People do not easily accept such enforcement willingly (except a few) while the authoritarian forces use violence. Also, when it involves political power, political rivalries and secessionist movements, violence is inevitably used since democratic alternatives take far too long and test out patience. It should also be noted that all terrorist movements are not fundamentalist in nature though fundamentalism may also lead to terrorism. For example, the LTTE movement is a terrorist one but not a fundamentalist one.

Another important thing to be noted is that terrorists may use religion or religious terminology like jihad or Dharma yuddh or holy war but their objective may have nothing to do with religious teachings as such. It would, therefore, be wrong to describe a terrorist act as religious terrorism just because of religion of a terrorist and his use of religious terminology. Thus, Osama bin Laden’s being a Muslim and his attack on the WTC twin towers, New York, does not become an act of ‘Islamic terrorism’.

Osama bin Laden has his own agenda and his acts by no means represent Islamic teachings. No religion in the world, much less Islam, teaches terrorism or inspires any one to kill innocent people. Though some Muslims may have expressed sympathy for Osama, so did some non-Muslims who resent America’s policies and it’s pro-Israeli stance. Osama never had any official sanction from any Islamic establishment. There is no priesthood or church in Islam and no fatwa, howsoever eminent the institution issuing fatwa be, cannot be binding on any Muslim.

And in case of Osama no such institution has issued any such fatwa supporting his act of terrorism. It is, therefore, not justified at all to describe 9/11 attack by Osama’s men as an act of Islamic terrorism. Even if any eminent Mufti (one who issues fatwa) had issued such an opinion, it would not have been binding on all Muslims. And in this case no one issued such a fatwa

Osama bin Laden and his Al-Qaida organisation does not pretend to have any mass base. No terrorist organisation, as a matter of fact, has a mass base anywhere in the world. It would otherwise seem to be a terrorist organisation. Osama does use Islamic terminology to gain the sympathy of Muslim masses but use of such a terminology does not make it an Islamic organisation. It remains basically a terrorist organisation. The religion practised by masses of Muslims is more spiritual than political and religion practised by likes of Osama is more political than spiritual.

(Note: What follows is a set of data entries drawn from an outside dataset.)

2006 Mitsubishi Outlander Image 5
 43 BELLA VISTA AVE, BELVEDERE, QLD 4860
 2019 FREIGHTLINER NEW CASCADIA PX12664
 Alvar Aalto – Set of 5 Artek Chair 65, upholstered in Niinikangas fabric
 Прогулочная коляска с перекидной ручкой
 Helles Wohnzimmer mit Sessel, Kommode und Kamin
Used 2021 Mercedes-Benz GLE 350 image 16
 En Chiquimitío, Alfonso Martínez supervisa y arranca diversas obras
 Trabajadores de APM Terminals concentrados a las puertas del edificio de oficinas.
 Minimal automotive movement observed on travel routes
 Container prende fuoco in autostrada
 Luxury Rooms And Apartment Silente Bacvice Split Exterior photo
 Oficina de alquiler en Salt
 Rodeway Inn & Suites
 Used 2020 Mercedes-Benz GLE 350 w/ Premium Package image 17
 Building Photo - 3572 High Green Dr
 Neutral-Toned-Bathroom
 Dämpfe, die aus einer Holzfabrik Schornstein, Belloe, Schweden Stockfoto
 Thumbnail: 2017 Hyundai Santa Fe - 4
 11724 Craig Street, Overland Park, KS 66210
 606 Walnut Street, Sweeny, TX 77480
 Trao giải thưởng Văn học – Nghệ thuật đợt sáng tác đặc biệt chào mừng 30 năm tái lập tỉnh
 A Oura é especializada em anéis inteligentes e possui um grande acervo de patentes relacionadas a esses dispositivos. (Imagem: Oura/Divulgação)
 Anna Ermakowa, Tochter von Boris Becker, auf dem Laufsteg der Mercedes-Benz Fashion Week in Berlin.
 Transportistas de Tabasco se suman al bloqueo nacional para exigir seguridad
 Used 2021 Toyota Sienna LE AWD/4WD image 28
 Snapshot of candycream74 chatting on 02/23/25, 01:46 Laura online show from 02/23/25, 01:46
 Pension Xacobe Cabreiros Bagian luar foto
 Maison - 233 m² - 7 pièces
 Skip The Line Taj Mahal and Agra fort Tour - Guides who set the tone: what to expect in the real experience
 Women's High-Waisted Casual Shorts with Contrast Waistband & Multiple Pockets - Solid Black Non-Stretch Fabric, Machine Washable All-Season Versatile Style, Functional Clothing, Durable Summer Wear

The Koran clearly lays down that killing any person without a just cause amounts to killing whole humanity and saving one person’s life amounts to saving entire humanity. This is truly humanistic and spiritual dimension of Islam and of any religion for that matter. Killing hundreds of innocent people can not qualify for being a religious act by any stretch of imagination.

In fact whether fundamentalism and terrorism m (in the sense in which they have been defined above) are linked together or not both are curses for humanity. No truly religious person should approve of such a gross misuse of religion. A religious attitude has to be of humility, distance from political power and of non-violence. The Sufi Islam which was truly spiritual Islam always maintained its distance from power centres and believed in the doctrine of what is called sulh-i-kul i.e. peace with all. True religion is one, which does not get politicised. Political Islam or political Hinduism became a great danger for peace and tranquillity in the society. It is political Hinduism (Hindutva) which caused havoc in Gujarat and many other places and it is political Islam which has resulted in bloodshed in New York or in Kashmir or in Algeria, for that matter. Muslims and Hindus should fight against politicisation of their respective religions.